The one question I get asked over and over is, “How did you survive — blank?” And I just realized I wanted to write a book, this is how. Here’s how to fix your own head.
I’ve always been a do-it-yourselfer. When I make a mess, I make my own mess of my own life and I put it back together. And I guess I realized that there’s useful stuff in that. The fact that I’ve always been a fix-it-myself kind of guy could be really useful for other people who aren’t necessarily that way.
If I had never gone on a book tour, if I had never met the people who read me, I don’t think I would’ve written the book. If I didn’t have people coming up to me all the time and telling me their own stories and what they struggle with.
I don’t want people to waste time … trying to fix themselves when I can think of some really direct methods to accomplish it.
Sometimes the tone of the book is super direct.
There’s too much hand-holding. I don’t like a nurturing, hand-holding feel-good kind of book. It’s a book for the way that I see people really are.
One of the chapters in there is about suicide. And that was something that, you know, we have way too many kids kill themselves. And one thing I have not written about in my memoirs was the fact that I was going to kill myself. I was like, I had a plan and I knew how I was going to do it.
It was only when I actually thought it through doing all the steps — I really imagined it like a movie — and I saw, this thing is not gonna freakin’ work!
I’m not gonna be alive to enjoy the peace and freedom.

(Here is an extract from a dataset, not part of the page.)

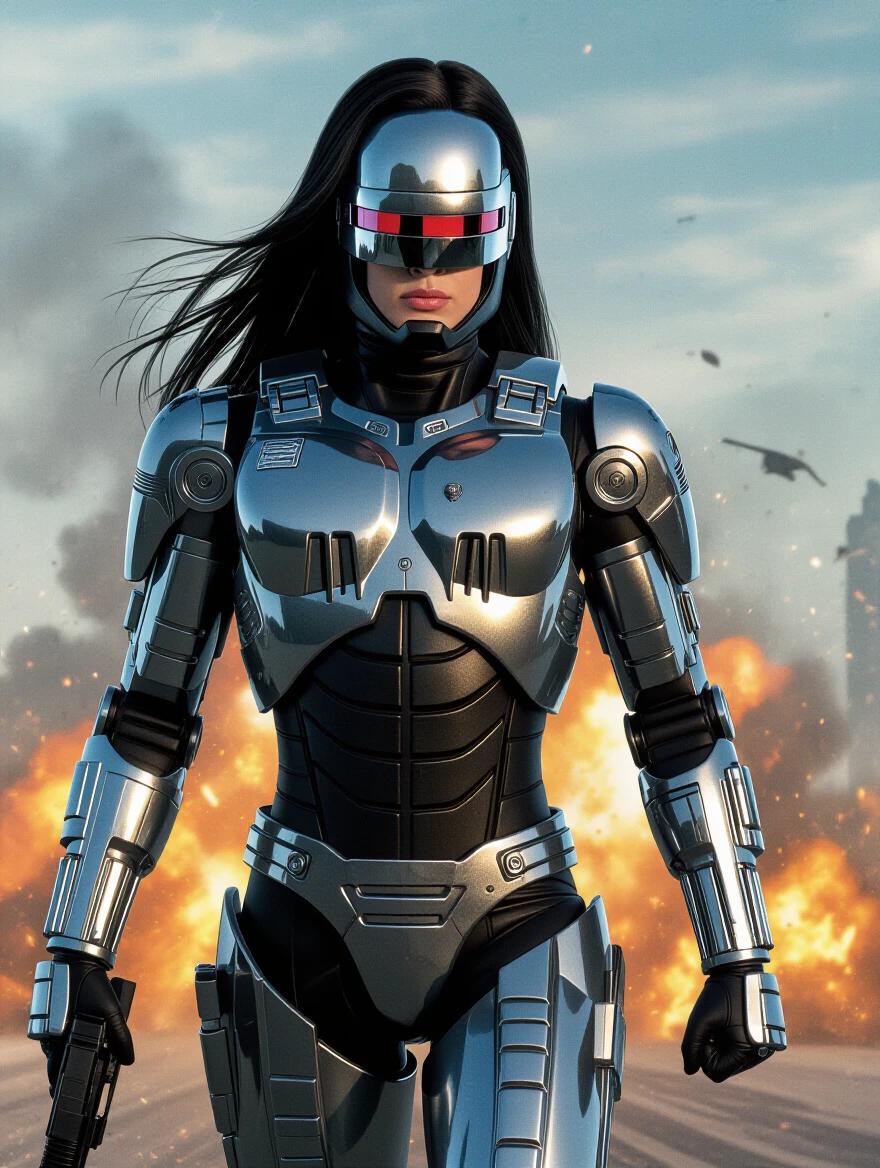 A female character resembling a futuristic Robocop, with long black hair, wearing a chrome suit and visor helmet. She holds a gun confidently, walking towards the viewer against a backdrop of explosions.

I’m not actually gonna be aware of any of that. The last thing that I’m going to be aware of is bleeding out in a bathtub of water. And I’m going to freak out when I see that. And then, I’m gonna die.
So I’m gonna be as miserable as I am now, with an extra layer of, oh, what did I do? And that’s gonna be it. There’s not going to be that peace and release.
So it’s not that I actually want to kill myself. What I wanted to do is end my life. And that I can do. … I can actually step out of my life. I didn’t have to kill myself. I just had to end my life, so I did.
I moved to a place where I didn’t know anybody and I changed my first, middle and last names. … What I do know is that I stepped outside my universe into another one. And it’s a huge, huge world.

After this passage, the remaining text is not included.